The Rhetoric of Web Design
Euclid, the web conversion prospector
Part 2: Logos/Reason
In part one of incorporating rhetoric in your web design and conversion optimization, you established relevance and credibility, earning trust from your brand new visitor.
Congratulations. The skittish squirrel that is the modern day web surfer has not retreated away from you.
But if you’re like most businesses, you don’t just want to accumulate a pile of visitors. That’d be creepy. You want them to take an action on your site, to satisfy all of their capitalist urges and rejoice like fully realized agents of desire and discretion.
Ok, maybe not that. But you do want to convert visitors into customers.
By relying on logic as the initial means of your persuasion, then you’ll be appealing to the highest (and most trusted) capability in your visitors, and following in the footsteps of centuries of persuasive writers.
Three Areas of On-Site Logic
From the early days of Euclidian geometry, logic has influenced all sorts of fields, from law to philosophy to computer science. And for a business website aiming to convert visitors, there is no ‘i’ in ‘logic.’ There are three of them:
Information, Identity, and Incentive
That’s because logic doesn’t just apply to the way in which you write sentences. It also applies to the structure of your site, the order in which you anticipate questions, and the way in which you present facts.
Information Architecture
The organization of your website’s information speaks to an overarching, binding logic that influences the main persuasiveness of your site.
And this organization goes beyond your page layouts. It’s important to have the information architecture of your entire site structured in the most intuitive, clean way so that a user can appreciate the natural rationale that influences their navigation.
A good way to do this is to “nest” your pages within broader categories, and to do this continually as you drill down into deeper and deeper pages. Avoid rogue pages and the practice of linking to pages solely within the body copy of various internal pages. Using a categorized drop down navigation, as well as secondary navigation bars that change within different sections will help with the transparency of your system. Your middle school history teacher would be proud if they saw your site architecture somewhat resemble the outline you wrote for your Civil War research paper.
Taking pains to structure your site in a deliberate, logical way will do several things.
- Engage and unclutter the visitor’s mind – A clear, logical structure will not only captivate an interested visitor, but it will also allow them to spend more mental energy considering your content or the “value proposition” of your call to conversion.
- Grease the wheels of navigability – A more comfortable site to navigate should lead to an easier path to conversion.
- Establish a reputation of intelligent logic – A business that values logic at all levels will engender trust and appreciation in a potential customer, whether they are consciously aware of it or not.
Identity
As with any new proposition, a visitor automatically seeks the answer to the essential questions: Who, What, When, Where, Why and How?
A good site will anticipate the order in which these questions should be satisfied. A great site will also understand the logical connection between them.
Depending on your type of business and the type of conversion you’re seeking, some of these questions will be more relevant than others. After you figure out which apply to you, then you can link causal relationships between two, three, or possibly several.
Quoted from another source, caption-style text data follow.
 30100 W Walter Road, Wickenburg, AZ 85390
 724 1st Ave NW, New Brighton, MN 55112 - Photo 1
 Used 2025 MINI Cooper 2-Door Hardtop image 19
For instance, you can use certain phrases to help you relate these answers:
Because this is who we are, this is how we do it.
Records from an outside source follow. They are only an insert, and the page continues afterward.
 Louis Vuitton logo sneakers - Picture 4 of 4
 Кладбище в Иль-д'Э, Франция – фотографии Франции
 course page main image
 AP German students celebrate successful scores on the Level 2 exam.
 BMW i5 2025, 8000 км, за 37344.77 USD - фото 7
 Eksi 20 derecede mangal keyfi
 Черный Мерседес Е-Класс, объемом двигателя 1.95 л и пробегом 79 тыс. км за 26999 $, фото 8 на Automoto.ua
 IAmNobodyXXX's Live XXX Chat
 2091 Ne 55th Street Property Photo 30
Because this is why x is important, this is what y is.
There are lots of ways to link these bits of crucial information, and if they are presented in a way that anticipates the visitor’s curiosity and then strengthens their logical connection to one another, the business achieves some existential validity and improves its chances of converting potential customers.
Incentive
Ultimately, when talking about your service or product, you are creating some kind of incentive. A couple of ways to logically present this incentive are as follows:
Cost/Benefit
If the target audience is particularly price conscious, or your main differentiator from the competition is cost, then you can find ways to underscore the favorable cost/benefit ratio of converting.
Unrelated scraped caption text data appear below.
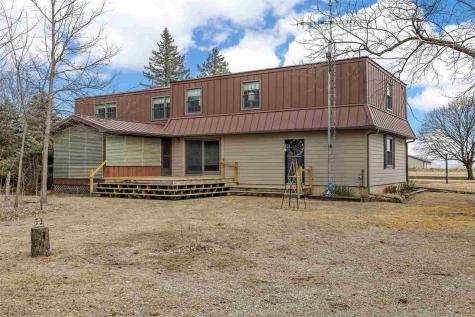5297 Sand Road SE Iowa City IA 52240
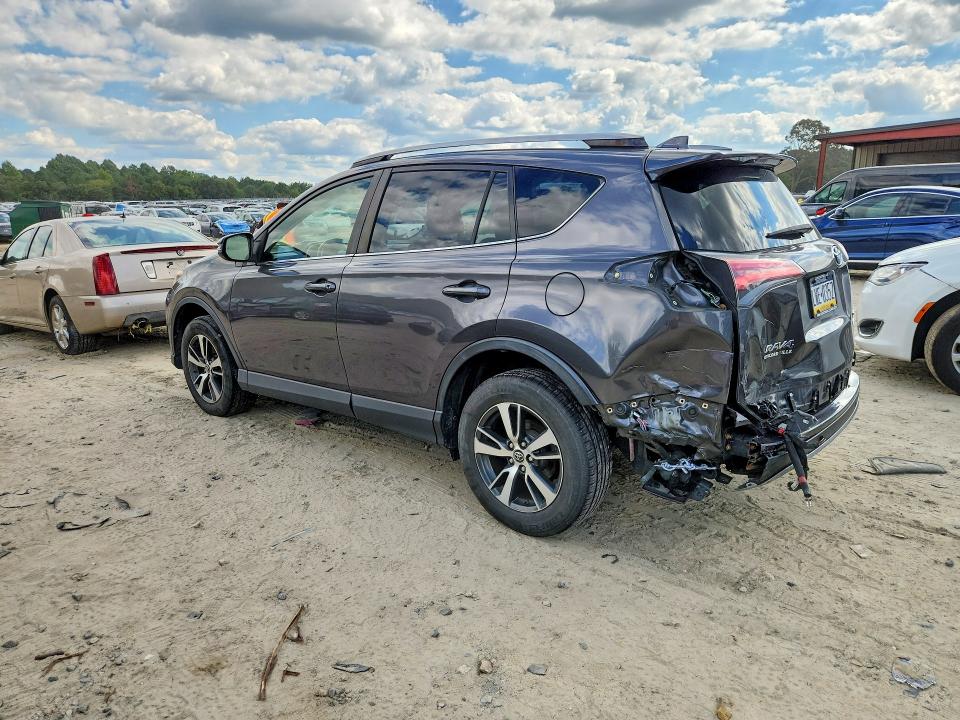 Продаж на аукціоні авто 2017 Toyota Rav4, vin: JTMRFREV3HJ116801, номер лоту: 67811306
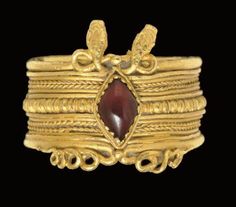 A GREEK GOLD AND GARNET FINGER RING HELLENISTIC PERIOD, CIRCA 3RD CENTURY B.C. Byzantine Gold, Ancient Greek Jewelry, Hellenistic Period, Gold Finger Rings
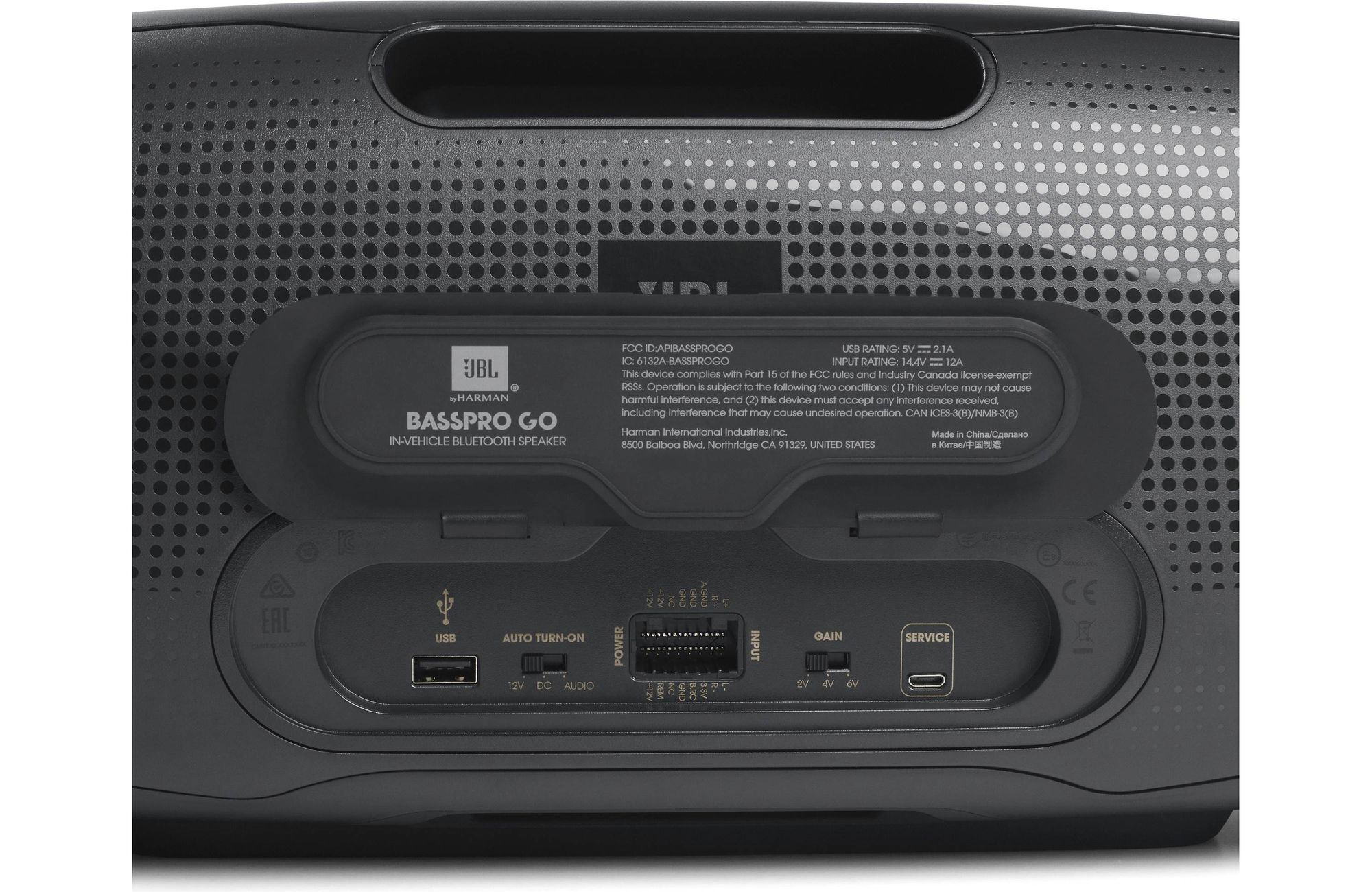 JBL BassPro Go Lautsprecher, mit einem Bedienfeld, das USB, Strom und Audioeingänge zeigt.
By understanding what type of consumer you are trying to target, you can hone the type of cost/benefit analysis you underscore. Depending on their orientation, you may want to highlight unlimited service, bundled packages, a la carte programs, etc.
Feature/Benefit
Tying the unique feature of your service/product to the benefit is a great way to solidify the reason for your service/product to exist in the first place. This seems like a no-brainer, but a lot of business websites don’t explicitly tie these two things together in a compelling way, or even at all.
An overemphasis on features will inhibit the visitor from relating it to their own needs. Conversely, an overemphasis on benefits will make the unique position of your product fade into the background, and allow room for your competitors.
Next Up: Emotional Motivation
Establishing a logical argument is hugely important for conversing with potential customers in the language they hold most reliable and steadfast. This helps to support purchase decisions far beyond the first “click” and improve the chance that they will become repeat customers. But one of the most powerful rhetorical devices for turning that initial indecision into commitment is pathos, or an appeal to emotion. We’ll take a look at how you can weave emotion into the conversion funnel in the last part of this series of rhetoric in web design.
Note: I’m nominating my image above for the 2014 award categories of “Most Amateur Use of Photoshop” “Most Obfuscated Levels of Meaning in One Image” and “Weirdest Bastardization of a Greek Mathematician.” Your support is greatly appreciated.